Also, the L frame guns use the same stocks as the K frame models.
May 14, 2009, 01:59 PM
Stainz gets a +1
For the O.P. many of the S&W aficiondos refer to various
models by only the model number but they all also have
The model 36, blued carbon steel and the ( first production
handgun in ) stainless steel MOdel 60 = Chiefs Special.
Model 10 - Miltary & Police
Model 15 K-38 Combat Masterpiece - it has ramp
front and adj. rear in .38 Special with standard hammer
& trigger. 4" Barrel
Model 18 K-22 .22 LR version of the Model 15
MOdels 14, .K-38, .38 Special Model 16 K-32
in .32 S&W and MOdel 17 .22 LR are the Target
Masterpiece, with 6" or 8 3/8" bbl.s and larger/wider
Target trigger and hamer
Model 19 Combat Magnum
MOdels 581/586 681/686
Distinguished Combat Magnum
& so on.... all i can pull out of ready memory
but it's a good exercise I'd have to look up the 27
but the 28 was named Highway Patrolman - both N-frames
the 28 meant for LEOs as a working gun, and the 27
being the top finish - jhigh polish blued and polisheed
interior parts as well.
oh, gotta do one of my favorites,
Model 25 1955 Target .45 ACP/.45 Auto RIm
May 14, 2009, 05:46 PM
You mentioned "This also permitted a 5-shot .44 Special variant to fit the frame, albeit with a really teeny forcing cone".....is this a model currently in the lineup?
May 14, 2009, 06:50 PM
The models were the 696 3" SS, 296 2.5" Ti-AirLite hammerless, and 396 3" 'Mountain Lite'. They were introduced in that order - the 396 last in '01, just in time to see the other two go - then it went, too. The 396NG was introduced for this year - at $1,074 MSRP. It has the NG sights and a black finish on the Al/Sc frame - and on the SS cylinder, replacing the original's Ti cylinder - and increasing the weight from the 3.1" barrel 396's 18 oz to the new 2.5" barrel 396NG's 24.1 oz.

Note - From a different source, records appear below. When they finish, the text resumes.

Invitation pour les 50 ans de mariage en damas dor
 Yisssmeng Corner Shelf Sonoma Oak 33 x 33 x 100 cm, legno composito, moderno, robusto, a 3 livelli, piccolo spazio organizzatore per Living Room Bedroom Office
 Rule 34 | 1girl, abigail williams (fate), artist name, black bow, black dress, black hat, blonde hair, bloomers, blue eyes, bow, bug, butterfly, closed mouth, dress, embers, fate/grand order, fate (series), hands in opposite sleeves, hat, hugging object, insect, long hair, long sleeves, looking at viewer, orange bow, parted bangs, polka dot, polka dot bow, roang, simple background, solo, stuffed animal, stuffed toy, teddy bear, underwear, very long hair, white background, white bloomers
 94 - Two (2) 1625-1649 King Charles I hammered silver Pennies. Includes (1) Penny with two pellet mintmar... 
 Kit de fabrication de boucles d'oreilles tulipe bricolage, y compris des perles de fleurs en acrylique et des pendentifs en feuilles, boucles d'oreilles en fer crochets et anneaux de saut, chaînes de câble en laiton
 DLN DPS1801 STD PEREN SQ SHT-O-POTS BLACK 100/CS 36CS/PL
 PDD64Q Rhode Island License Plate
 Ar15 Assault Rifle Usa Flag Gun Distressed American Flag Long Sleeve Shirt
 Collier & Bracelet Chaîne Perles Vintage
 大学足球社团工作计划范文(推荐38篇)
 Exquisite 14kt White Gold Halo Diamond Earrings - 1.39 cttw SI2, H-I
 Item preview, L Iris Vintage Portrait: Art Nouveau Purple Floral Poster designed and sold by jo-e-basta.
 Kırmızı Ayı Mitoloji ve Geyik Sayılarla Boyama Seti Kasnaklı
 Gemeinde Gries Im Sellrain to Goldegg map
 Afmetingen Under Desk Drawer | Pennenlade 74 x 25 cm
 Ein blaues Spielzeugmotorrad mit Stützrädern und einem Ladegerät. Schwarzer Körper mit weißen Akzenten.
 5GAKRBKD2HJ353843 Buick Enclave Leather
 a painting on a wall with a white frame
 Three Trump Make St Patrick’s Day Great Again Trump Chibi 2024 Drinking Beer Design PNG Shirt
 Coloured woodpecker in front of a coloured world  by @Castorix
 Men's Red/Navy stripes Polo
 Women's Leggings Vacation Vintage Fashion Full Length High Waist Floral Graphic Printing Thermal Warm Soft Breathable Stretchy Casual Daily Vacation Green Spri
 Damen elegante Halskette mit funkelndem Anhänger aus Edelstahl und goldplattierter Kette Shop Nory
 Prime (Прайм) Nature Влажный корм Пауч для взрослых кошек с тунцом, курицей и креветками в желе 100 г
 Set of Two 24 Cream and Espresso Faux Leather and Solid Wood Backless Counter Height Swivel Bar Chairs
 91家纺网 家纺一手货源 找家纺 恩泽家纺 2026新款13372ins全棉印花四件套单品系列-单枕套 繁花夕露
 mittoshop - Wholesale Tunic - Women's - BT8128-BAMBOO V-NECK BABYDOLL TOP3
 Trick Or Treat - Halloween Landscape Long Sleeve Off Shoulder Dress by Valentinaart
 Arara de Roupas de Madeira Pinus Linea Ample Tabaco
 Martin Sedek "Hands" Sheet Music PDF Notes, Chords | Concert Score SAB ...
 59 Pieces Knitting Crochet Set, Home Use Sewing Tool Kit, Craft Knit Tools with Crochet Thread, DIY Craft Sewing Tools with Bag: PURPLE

Below are my, going CW from top right, 696 (L-frame), 296 (L-frame), 2" 10 (K-frame), and 642 (J-frame):
When I bought the 696 new - regular store price was $439. The 296 was $349 on closeout (Less than half it's last MSRP!). That was nearly 6.5 yr ago - now they sell for $700-$900. A new 4" 629 is a far better buy.
Low Budget Shooter
May 14, 2009, 06:57 PM
Dear Blind Justice,
Are you sure about "Target Masterpiece"? How about just "Masterpiece" on that?
P.S. Don't make me go dig out my box!
May 14, 2009, 11:37 PM
Many shooters (including me) say Target Masterpiece but S&W never called them that. Simply K22 ( or K32 or k38) Masterpiece is the official factory designation.
May 15, 2009, 03:03 AM
As noted by BlindJustice, J-frames have a coil spring while the larger framed guns have a leaf spring.
In my experience, the J-frame triggers are not as nice as the K's and L's. The leaf springs in the larger frame guns give you a lighter, nicer trigger. I've had 4 J's, 3 K's and 2 L's so far and the heavier trigger and lighter gun make the J's harder to shoot accurately, but they are great carry guns. My J-frame 649 is my go-to gun for concealed carry. My L-framed 686 has a nicer trigger and is very accurate, but my pre-17 K-frame 22 is the nicest revolver I own.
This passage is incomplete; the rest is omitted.